Task directions: Repeat the whole listing exactly as written.

START Data records

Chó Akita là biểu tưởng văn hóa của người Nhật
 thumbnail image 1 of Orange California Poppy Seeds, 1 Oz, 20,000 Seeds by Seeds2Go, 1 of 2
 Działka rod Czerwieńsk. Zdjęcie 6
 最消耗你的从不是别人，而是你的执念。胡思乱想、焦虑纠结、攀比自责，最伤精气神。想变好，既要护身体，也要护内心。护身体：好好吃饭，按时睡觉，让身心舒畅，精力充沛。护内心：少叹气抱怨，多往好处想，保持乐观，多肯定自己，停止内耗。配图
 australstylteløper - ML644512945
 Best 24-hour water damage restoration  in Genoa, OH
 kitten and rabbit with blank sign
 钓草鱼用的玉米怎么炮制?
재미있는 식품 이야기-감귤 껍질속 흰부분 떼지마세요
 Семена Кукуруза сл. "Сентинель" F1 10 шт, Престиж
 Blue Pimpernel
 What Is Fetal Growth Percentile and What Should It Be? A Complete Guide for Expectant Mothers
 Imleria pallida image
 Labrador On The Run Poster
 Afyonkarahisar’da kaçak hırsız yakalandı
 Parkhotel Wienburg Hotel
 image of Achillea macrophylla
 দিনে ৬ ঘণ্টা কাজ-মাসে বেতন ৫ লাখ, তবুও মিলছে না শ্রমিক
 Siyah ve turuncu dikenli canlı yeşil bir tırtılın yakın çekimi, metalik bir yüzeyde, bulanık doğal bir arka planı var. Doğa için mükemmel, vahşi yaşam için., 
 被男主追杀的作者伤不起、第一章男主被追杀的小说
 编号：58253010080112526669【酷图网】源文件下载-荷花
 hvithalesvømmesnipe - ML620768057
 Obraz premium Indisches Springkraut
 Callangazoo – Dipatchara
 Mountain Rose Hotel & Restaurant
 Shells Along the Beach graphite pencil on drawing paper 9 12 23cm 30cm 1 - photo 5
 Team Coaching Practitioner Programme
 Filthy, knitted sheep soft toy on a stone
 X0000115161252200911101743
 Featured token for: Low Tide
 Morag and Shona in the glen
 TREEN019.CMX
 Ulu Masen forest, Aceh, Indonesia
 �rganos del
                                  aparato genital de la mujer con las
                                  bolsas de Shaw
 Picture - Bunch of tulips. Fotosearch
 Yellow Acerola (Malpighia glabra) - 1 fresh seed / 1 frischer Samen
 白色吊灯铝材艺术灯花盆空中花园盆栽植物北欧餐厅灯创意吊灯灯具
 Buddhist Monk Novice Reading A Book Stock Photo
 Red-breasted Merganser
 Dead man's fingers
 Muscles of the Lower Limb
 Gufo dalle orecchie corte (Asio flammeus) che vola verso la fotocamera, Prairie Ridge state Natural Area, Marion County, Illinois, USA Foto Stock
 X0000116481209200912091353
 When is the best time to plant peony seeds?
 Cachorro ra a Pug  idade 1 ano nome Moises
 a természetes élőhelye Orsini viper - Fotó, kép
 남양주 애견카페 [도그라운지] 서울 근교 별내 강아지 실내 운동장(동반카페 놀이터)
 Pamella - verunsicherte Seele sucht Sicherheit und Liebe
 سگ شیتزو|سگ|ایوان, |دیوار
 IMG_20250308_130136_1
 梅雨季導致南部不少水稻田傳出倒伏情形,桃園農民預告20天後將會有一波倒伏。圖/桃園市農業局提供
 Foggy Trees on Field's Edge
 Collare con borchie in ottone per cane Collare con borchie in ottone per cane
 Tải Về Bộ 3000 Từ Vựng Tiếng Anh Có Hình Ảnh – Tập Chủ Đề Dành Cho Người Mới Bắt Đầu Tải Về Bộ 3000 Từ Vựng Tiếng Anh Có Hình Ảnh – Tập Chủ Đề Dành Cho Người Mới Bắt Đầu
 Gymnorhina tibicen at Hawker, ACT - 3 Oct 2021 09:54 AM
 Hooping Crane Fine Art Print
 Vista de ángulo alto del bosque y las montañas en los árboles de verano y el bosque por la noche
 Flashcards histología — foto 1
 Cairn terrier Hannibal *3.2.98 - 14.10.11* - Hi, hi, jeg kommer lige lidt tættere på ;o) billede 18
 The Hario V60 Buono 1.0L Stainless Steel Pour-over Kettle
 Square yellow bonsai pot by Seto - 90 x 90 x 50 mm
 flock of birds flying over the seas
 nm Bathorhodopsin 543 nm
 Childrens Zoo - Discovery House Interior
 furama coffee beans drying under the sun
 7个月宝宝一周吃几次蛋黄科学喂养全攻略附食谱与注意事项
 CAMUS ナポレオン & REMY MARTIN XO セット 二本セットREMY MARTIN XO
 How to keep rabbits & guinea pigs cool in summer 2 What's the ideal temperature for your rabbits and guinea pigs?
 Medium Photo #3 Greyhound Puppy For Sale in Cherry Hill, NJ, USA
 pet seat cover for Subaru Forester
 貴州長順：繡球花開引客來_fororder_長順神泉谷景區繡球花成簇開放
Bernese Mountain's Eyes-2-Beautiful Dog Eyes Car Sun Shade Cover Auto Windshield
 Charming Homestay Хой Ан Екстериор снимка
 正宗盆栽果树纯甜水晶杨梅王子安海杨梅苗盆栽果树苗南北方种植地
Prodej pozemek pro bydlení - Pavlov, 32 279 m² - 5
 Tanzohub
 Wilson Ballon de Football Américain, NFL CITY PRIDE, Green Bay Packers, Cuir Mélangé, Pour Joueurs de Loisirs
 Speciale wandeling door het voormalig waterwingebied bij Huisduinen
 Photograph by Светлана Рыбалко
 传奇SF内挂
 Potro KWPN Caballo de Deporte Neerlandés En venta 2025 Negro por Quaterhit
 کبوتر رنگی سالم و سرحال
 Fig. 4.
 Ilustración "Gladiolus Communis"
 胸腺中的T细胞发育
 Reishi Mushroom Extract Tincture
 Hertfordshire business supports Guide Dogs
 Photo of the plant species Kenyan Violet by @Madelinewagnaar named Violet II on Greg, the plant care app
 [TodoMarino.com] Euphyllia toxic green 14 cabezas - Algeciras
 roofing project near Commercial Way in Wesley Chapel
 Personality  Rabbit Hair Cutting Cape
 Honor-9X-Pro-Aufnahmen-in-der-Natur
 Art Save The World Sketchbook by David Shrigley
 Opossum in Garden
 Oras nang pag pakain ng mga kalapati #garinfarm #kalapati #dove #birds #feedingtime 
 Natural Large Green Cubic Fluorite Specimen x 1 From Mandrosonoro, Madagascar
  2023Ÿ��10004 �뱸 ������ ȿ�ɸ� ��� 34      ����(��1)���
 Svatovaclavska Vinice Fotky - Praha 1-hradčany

END Data records

Solved exercise:
Chó Akita là biểu tưởng văn hóa của người Nhật
 thumbnail image 1 of Orange California Poppy Seeds, 1 Oz, 20,000 Seeds by Seeds2Go, 1 of 2
 Działka rod Czerwieńsk. Zdjęcie 6
 最消耗你的从不是别人，而是你的执念。胡思乱想、焦虑纠结、攀比自责，最伤精气神。想变好，既要护身体，也要护内心。护身体：好好吃饭，按时睡觉，让身心舒畅，精力充沛。护内心：少叹气抱怨，多往好处想，保持乐观，多肯定自己，停止内耗。配图
 australstylteløper - ML644512945
 Best 24-hour water damage restoration  in Genoa, OH
 kitten and rabbit with blank sign
 钓草鱼用的玉米怎么炮制?
재미있는 식품 이야기-감귤 껍질속 흰부분 떼지마세요
 Семена Кукуруза сл. "Сентинель" F1 10 шт, Престиж
 Blue Pimpernel
 What Is Fetal Growth Percentile and What Should It Be? A Complete Guide for Expectant Mothers
 Imleria pallida image
 Labrador On The Run Poster
 Afyonkarahisar’da kaçak hırsız yakalandı
 Parkhotel Wienburg Hotel
 image of Achillea macrophylla
 দিনে ৬ ঘণ্টা কাজ-মাসে বেতন ৫ লাখ, তবুও মিলছে না শ্রমিক
 Siyah ve turuncu dikenli canlı yeşil bir tırtılın yakın çekimi, metalik bir yüzeyde, bulanık doğal bir arka planı var. Doğa için mükemmel, vahşi yaşam için., 
 被男主追杀的作者伤不起、第一章男主被追杀的小说
 编号：58253010080112526669【酷图网】源文件下载-荷花
 hvithalesvømmesnipe - ML620768057
 Obraz premium Indisches Springkraut
 Callangazoo – Dipatchara
 Mountain Rose Hotel & Restaurant
 Shells Along the Beach graphite pencil on drawing paper 9 12 23cm 30cm 1 - photo 5
 Team Coaching Practitioner Programme
 Filthy, knitted sheep soft toy on a stone
 X0000115161252200911101743
 Featured token for: Low Tide
 Morag and Shona in the glen
 TREEN019.CMX
 Ulu Masen forest, Aceh, Indonesia
 �rganos del
                                  aparato genital de la mujer con las
                                  bolsas de Shaw
 Picture - Bunch of tulips. Fotosearch
 Yellow Acerola (Malpighia glabra) - 1 fresh seed / 1 frischer Samen
 白色吊灯铝材艺术灯花盆空中花园盆栽植物北欧餐厅灯创意吊灯灯具
 Buddhist Monk Novice Reading A Book Stock Photo
 Red-breasted Merganser
 Dead man's fingers
 Muscles of the Lower Limb
 Gufo dalle orecchie corte (Asio flammeus) che vola verso la fotocamera, Prairie Ridge state Natural Area, Marion County, Illinois, USA Foto Stock
 X0000116481209200912091353
 When is the best time to plant peony seeds?
 Cachorro ra a Pug  idade 1 ano nome Moises
 a természetes élőhelye Orsini viper - Fotó, kép
 남양주 애견카페 [도그라운지] 서울 근교 별내 강아지 실내 운동장(동반카페 놀이터)
 Pamella - verunsicherte Seele sucht Sicherheit und Liebe
 سگ شیتزو|سگ|ایوان, |دیوار
 IMG_20250308_130136_1
 梅雨季導致南部不少水稻田傳出倒伏情形,桃園農民預告20天後將會有一波倒伏。圖/桃園市農業局提供
 Foggy Trees on Field's Edge
 Collare con borchie in ottone per cane Collare con borchie in ottone per cane
 Tải Về Bộ 3000 Từ Vựng Tiếng Anh Có Hình Ảnh – Tập Chủ Đề Dành Cho Người Mới Bắt Đầu Tải Về Bộ 3000 Từ Vựng Tiếng Anh Có Hình Ảnh – Tập Chủ Đề Dành Cho Người Mới Bắt Đầu
 Gymnorhina tibicen at Hawker, ACT - 3 Oct 2021 09:54 AM
 Hooping Crane Fine Art Print
 Vista de ángulo alto del bosque y las montañas en los árboles de verano y el bosque por la noche
 Flashcards histología — foto 1
 Cairn terrier Hannibal *3.2.98 - 14.10.11* - Hi, hi, jeg kommer lige lidt tættere på ;o) billede 18
 The Hario V60 Buono 1.0L Stainless Steel Pour-over Kettle
 Square yellow bonsai pot by Seto - 90 x 90 x 50 mm
 flock of birds flying over the seas
 nm Bathorhodopsin 543 nm
 Childrens Zoo - Discovery House Interior
 furama coffee beans drying under the sun
 7个月宝宝一周吃几次蛋黄科学喂养全攻略附食谱与注意事项
 CAMUS ナポレオン & REMY MARTIN XO セット 二本セットREMY MARTIN XO
 How to keep rabbits & guinea pigs cool in summer 2 What's the ideal temperature for your rabbits and guinea pigs?
 Medium Photo #3 Greyhound Puppy For Sale in Cherry Hill, NJ, USA
 pet seat cover for Subaru Forester
 貴州長順：繡球花開引客來_fororder_長順神泉谷景區繡球花成簇開放
Bernese Mountain's Eyes-2-Beautiful Dog Eyes Car Sun Shade Cover Auto Windshield
 Charming Homestay Хой Ан Екстериор снимка
 正宗盆栽果树纯甜水晶杨梅王子安海杨梅苗盆栽果树苗南北方种植地
Prodej pozemek pro bydlení - Pavlov, 32 279 m² - 5
 Tanzohub
 Wilson Ballon de Football Américain, NFL CITY PRIDE, Green Bay Packers, Cuir Mélangé, Pour Joueurs de Loisirs
 Speciale wandeling door het voormalig waterwingebied bij Huisduinen
 Photograph by Светлана Рыбалко
 传奇SF内挂
 Potro KWPN Caballo de Deporte Neerlandés En venta 2025 Negro por Quaterhit
 کبوتر رنگی سالم و سرحال
 Fig. 4.
 Ilustración "Gladiolus Communis"
 胸腺中的T细胞发育
 Reishi Mushroom Extract Tincture
 Hertfordshire business supports Guide Dogs
 Photo of the plant species Kenyan Violet by @Madelinewagnaar named Violet II on Greg, the plant care app
 [TodoMarino.com] Euphyllia toxic green 14 cabezas - Algeciras
 roofing project near Commercial Way in Wesley Chapel
 Personality  Rabbit Hair Cutting Cape
 Honor-9X-Pro-Aufnahmen-in-der-Natur
 Art Save The World Sketchbook by David Shrigley
 Opossum in Garden
 Oras nang pag pakain ng mga kalapati #garinfarm #kalapati #dove #birds #feedingtime 
 Natural Large Green Cubic Fluorite Specimen x 1 From Mandrosonoro, Madagascar
  2023Ÿ��10004 �뱸 ������ ȿ�ɸ� ��� 34      ����(��1)���
 Svatovaclavska Vinice Fotky - Praha 1-hradčany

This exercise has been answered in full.